> EXERCISE INSTRUCTIONS: With pictures left out, copy exactly every line from the one containing "HECASA Gloss Black" through the end of the material.

> GIVEN MATERIAL:
★ ★ ★ ★ ★ ★ ★

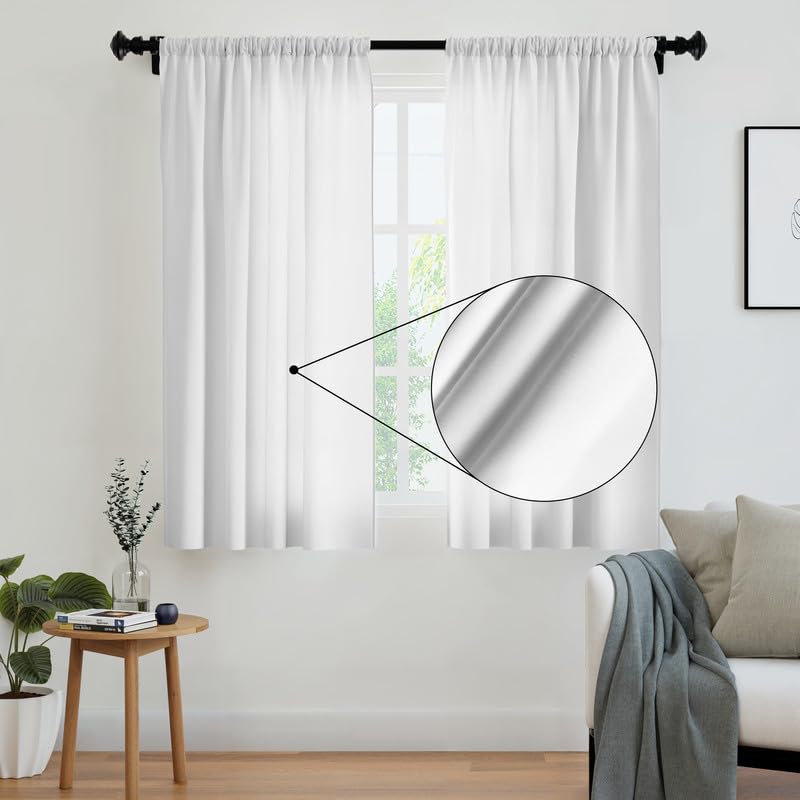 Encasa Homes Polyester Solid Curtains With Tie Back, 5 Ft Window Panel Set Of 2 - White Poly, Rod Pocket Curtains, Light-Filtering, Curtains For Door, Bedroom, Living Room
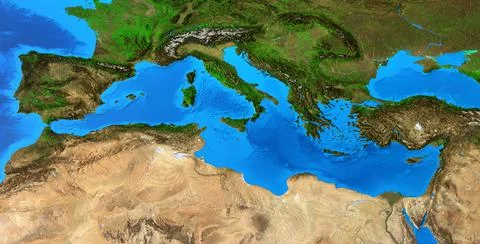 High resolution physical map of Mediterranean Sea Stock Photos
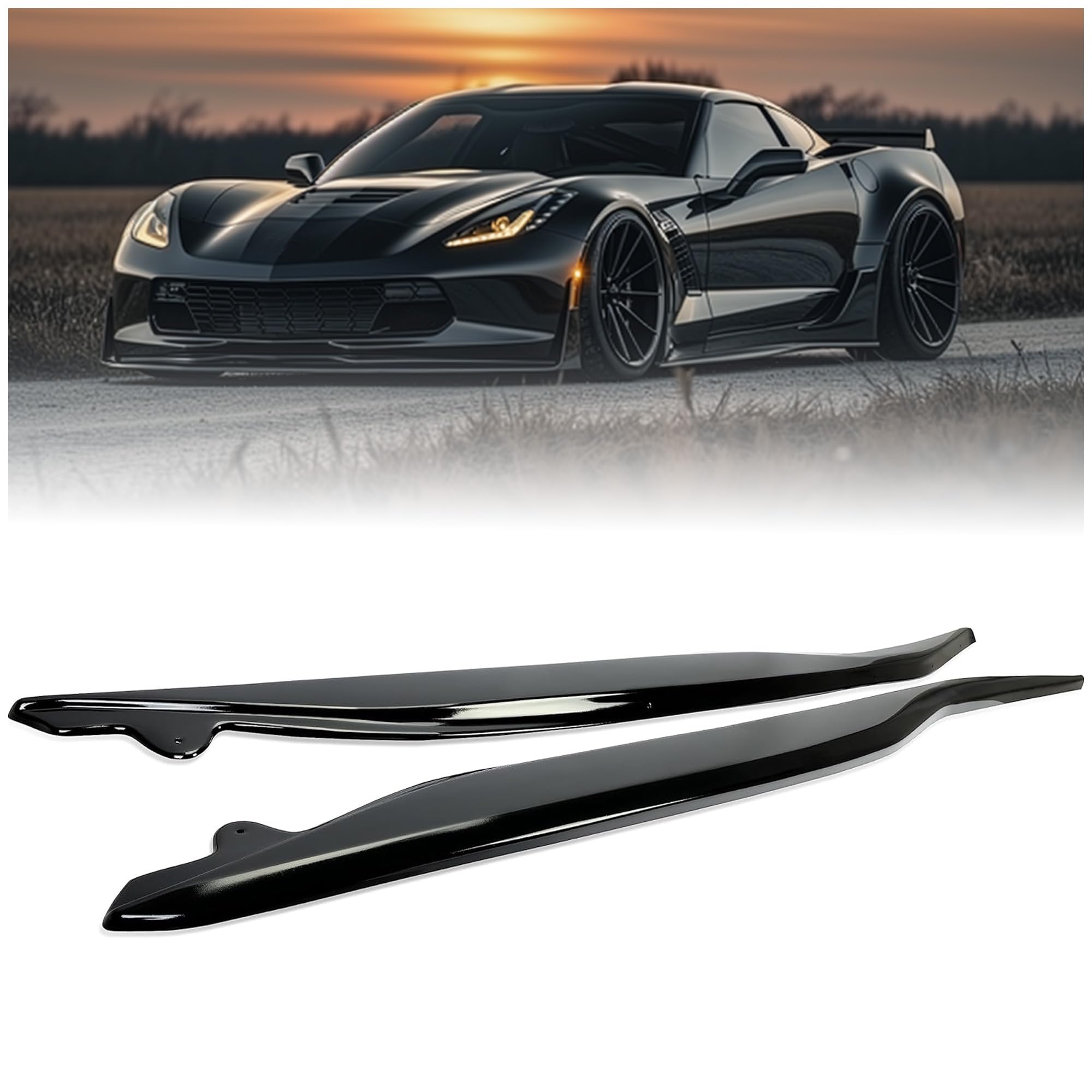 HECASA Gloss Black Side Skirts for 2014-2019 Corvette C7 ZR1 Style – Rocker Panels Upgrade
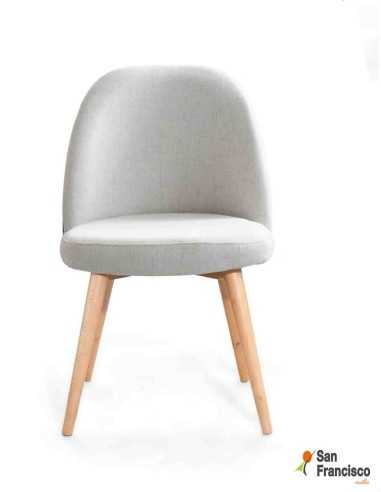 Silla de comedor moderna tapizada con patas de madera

★ ★ ★ ★ ★ ★ ★

> RESULT OF THIS EXERCISE:
 HECASA Gloss Black Side Skirts for 2014-2019 Corvette C7 ZR1 Style – Rocker Panels Upgrade
 Silla de comedor moderna tapizada con patas de madera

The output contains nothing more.